This means that the Accepted Daily Intake (ADI) for humans, i.e. what society finds “admissible” regarding pesticide residues may have been set too high, even before potential combinatorial effects of different chemical exposures are taken into account. For glyphosate formulations (Roundup), realistic exposure scenarios in the aquatic environment may harm non-target biodiversity from microorganisms, invertebrates, amphibians and fish, (reviewed in Annett et al. 2014) indicating that the environmental consequences of these agrochemicals need to be re-assessed.

Other compositional differences between GM, non-GM, and organic

Our research also demonstrated that different agricultural practices lead to markedly different end products. Data on other measured compositional characteristics could be used to discriminate statistically all individual soy samples (without exception) into their respective agricultural practice background (Fig 2).

Organic soybeans showed the healthiest nutritional profile with more glucose, fructose, sucrose and maltose, significantly more total protein, zinc and less fiber, compared with both conventional and GM-soy.
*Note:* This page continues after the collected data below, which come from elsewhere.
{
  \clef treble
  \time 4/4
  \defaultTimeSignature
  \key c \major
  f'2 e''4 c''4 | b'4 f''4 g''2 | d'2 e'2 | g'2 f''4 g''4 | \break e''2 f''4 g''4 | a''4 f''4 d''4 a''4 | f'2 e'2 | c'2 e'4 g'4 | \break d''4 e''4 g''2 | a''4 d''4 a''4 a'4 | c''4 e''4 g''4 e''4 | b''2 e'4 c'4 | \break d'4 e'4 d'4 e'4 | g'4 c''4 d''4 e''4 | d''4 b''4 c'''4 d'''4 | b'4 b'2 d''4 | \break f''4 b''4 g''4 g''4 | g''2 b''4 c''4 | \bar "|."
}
Organic soybeans contained less total saturated fat and total omega-6 fatty acids than both conventional and GM-soy.

Grouping-soybeans-size

FIGURE 2. DISCRIMINANT ANALYSIS FOR GM, CONVENTIONAL AND ORGANIC SOY SAMPLES BASED ON 35 VARIABLES. DATA WAS STANDARDIZED (MEAN = 0 AND SD = 1).

Conclusion

Roundup Ready GM-soy accumulates residues of glyphosate and AMPA, and also differs markedly in nutritional composition compared to soybeans from other agricultural practices. Organic soybean samples also showed a more healthy nutritional profile (e.g. higher in protein and lower in saturated fatty acids) than both industrial conventional and GM soybeans.

Lack of data on pesticide residues in major crop plants is a serious gap of knowledge with potential consequences for human and animal health. How is the public to trust a risk assessment system that has overlooked the most obvious risk factor for herbicide tolerant GM crops, i.e. high residue levels of herbicides, for nearly 20 years? If it has been due to lack of understanding, it would be bad. If it is the result of the producer’s power to influence the risk assessment system, it would be worse.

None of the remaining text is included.